Thank you for your response; it has been quite beneficial. However, I’ve noticed that the computation of l[n] is quite time-consuming, is there any algorithm to accelerate it? In the context of negative binomial and binomial distributions, the parameter z serves as an auxiliary variable that is used to discrete the likelihood function. The terms v_i^+ , v_i and Z_i represent the data, \zeta_i represents the model output, while ψ denotes the overdispersion parameter."

model {
  E_0 ~ uniform(10, Y_C[1] * 10);
  beta_C ~ normal(1, 0.5);
  R0 ~ gamma(2, 1);
  beta_fixed ~ gamma(2, 1);
  alpha_init ~ gamma(2.5, 5); // C95 for rho(t): 0.08312116 1.28325020
  phi_C ~ normal(50, 10);
  phi_ILI ~ uniform(0, 100);
  rho_a ~ beta(1, 5);
  Y_C ~ neg_binomial_2(m_c * rho_C, phi_C);
  for (n in 1:N_w) {
    array[N_w, Z_ILI[n]] real logl;
    for (z in 1:Z_ILI[n]) {
      real log_cdf_upper = normal_lcdf(Z_ILI[n] | m_ILIw[n] * rho_a, 
      sqrt(m_ILIw[n] * rho_a + (m_ILIw[n] * rho_a)^2/phi_ILI));
      real nbinomia_likelihood = normal_lpdf(z | m_ILIw[n] * rho_a, 
      sqrt(m_ILIw[n] * rho_a + (m_ILIw[n] * rho_a)^2/phi_ILI)) - log_cdf_upper;
      real binomia_llikelihood = binomial_lpmf(n_ILIp[n] | n_ILI[n], z*0.9999/Z_ILI[n]);
      logl[n][z] = nbinomia_likelihood + binomial_likelihood;
    }
    target += log_sum_exp(logl[n]);
    // print(target());
  }
  Ysero_p ~ binomial(sero_ss, R[sero_d]/N);
}

I don’t see a way to make this a lot faster. The best I can see to do is to not repeat calculations like sqrt(m_ILIw[n] * rho_a + (m_ILIw[n] * rho_a)^2/phi_ILI) because they’re relatively expensive. You can also vectorize some of these operations,

vector[N_w] foo = sqrt(m_ILIw * rho_a + (m_ILIw * rho_a)^2 / phi_ILI)
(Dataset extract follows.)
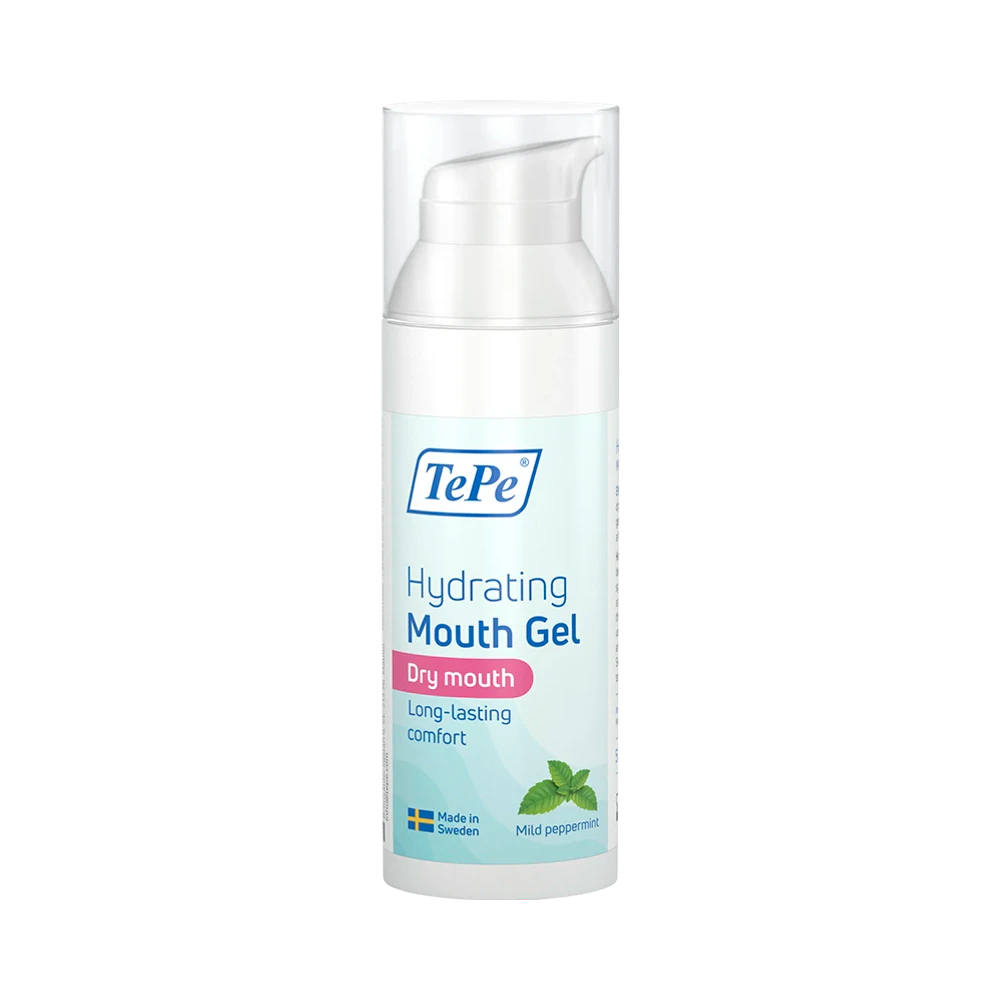 TePe Hydrating Mouth Dry Mouth Mild Pepparmint gel 50 ml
and then access foo[n]. It should be a bit faster in vectorized form.’

then you have terms like log_cdf_upper than can be pulled up out of the z loop because they don’t depend on z.

Hacks like z * 0.9999 are almost always a bad idea if they were introduced to patch a problem with a model hitting a boundary. You want to use a prior or a better model and avoid boundaries of parameter space in estimation.

Thank you for your patience! I have rescaled the size of Z_ILI[n], and now the code runs much faster, just as I had hoped. Additionally, your suggestion on vectorization was incredibly insightful and helpful—many thanks!